Just like pregnancy, breastfeeding may make you hungrier than usual. This is normal. After all, you aren’t just feeding yourself. You’re feeding a growing child as well. Breastfeeding moms should expect to eat an average of 400 to 500 extra calories a day.

It’s important to remember you don’t have to eat a special diet while breastfeeding. To keep up your milk supply, you just need to eat a healthy, well-balanced diet that includes a variety of well-washed fruits and vegetables, whole grains, lean protein, cold water fish (salmon, lake trout, tilapia), and dairy. Aim to eat three meals a day with small healthy snacks between meals.

There are three reasons for breastfeeding: the milk is always at the right temperature; it comes in attractive containers; and the cat can’t get it. - Irena Chalmers

Besides eating enough healthy food, breastfeeding moms need to stay hydrated. Drink at least eight glasses of water or other beverages daily. To make this easier, keep a water bottle near the chair you breastfeed in.

Don’t worry if your healthy diet falters every once in a while. Breast milk makes up for your nutritional deficiencies by drawing on your reserves. Your doctor may also recommend you continue to take a daily prenatal vitamin or multivitamin that contains calcium, vitamin D, and DHA to ensure you and baby get the vitamins and minerals you both need.

Breastfeeding helps you lose your baby weight. For some new moms, this happens quickly, while it takes longer for others. With that in mind, don’t diet to lose weight until your baby is several months old. A low-calorie diet will negatively affect your milk supply and deplete your energy in the process.

Foods to Avoid While Breastfeeding

While most foods and drinks are safe while nursing, there are some that can negatively affect your baby. Certain types of fish contain harmful contaminants. These include shark, king mackerel, swordfish, solid white tuna, albacore tuna, and tilefish, all which are high in mercury.

And while studies may indicate that drinking here and there is fine, it’s safest to completely avoid alcohol while breastfeeding, since it passes into breast milk and affects your letdown reflex. It takes two to three hours for the alcohol from one beer or glass of wine to be eliminated from your system, so if timed right, an occasional alcoholic drink may be safe, but baby isn’t always operating on your schedule.

Besides alcohol, caffeine should also be avoided or greatly limited. Caffeine may cause your baby to become agitated or sleepless. Limit your caffeine intake to less than 300 milligrams a day and your new one will be more likely to sleep like a baby.

Some moms may tell you to avoid spicy foods. This depends on your baby. Some babies love a variety of flavors in their milk. Other babies seem uncomfortable, gassy, or fussy after exposure to certain foods. The most common culprits include dairy, broccoli, Brussel sprouts, cabbage, onion, citrus, chocolate, chili pepper, or garlic.
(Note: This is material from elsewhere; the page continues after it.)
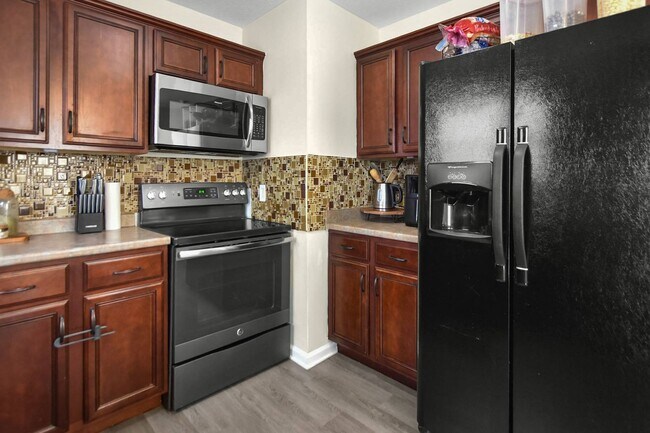 Building Photo - Pet Friendly Three Bedroom!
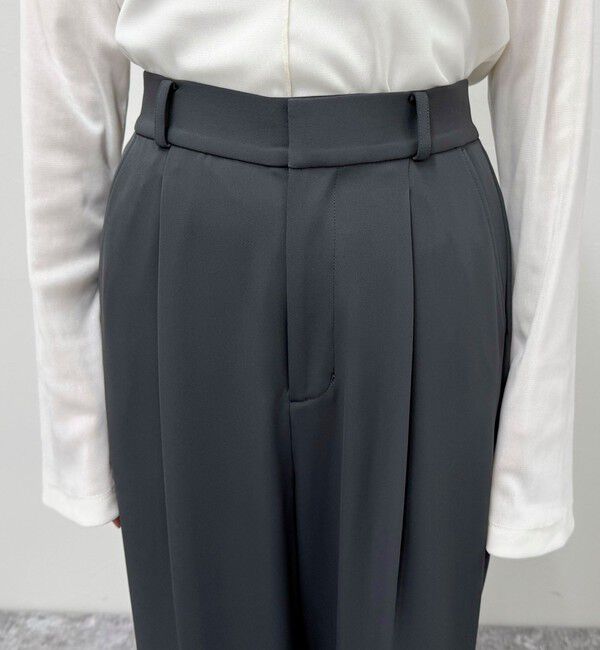 fredy emue「【オン・オフ対応/高身長サイズあり】とろみツイルタックスラックス」|スラックス|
If you notice a connection between the food you eat and your baby’s mood, then cut that food out of your diet.

Rarely, your baby may show signs of an allergic reaction to a food you’ve eaten, including rash, hives, wheezing, congestion, or abnormal stools (loose, green, mucousy, or bloody). If you suspect an allergy, see your child’s pediatrician. Babies are most often intolerant of the proteins found in dairy, eggs, nuts, wheat, fish, and soy. Try eliminating them from your diet for a week or two and see if your baby’s condition improves. Keeping a food and drink diary may help. And if push comes to shove, you may have to drop breastfeeding and go with a bottle. If this occurs, know that you’re not a failure.

Your move to the bottle is a sign that—even though you may prefer to breastfeed—you’re keeping your baby’s health in the forefront of your mind.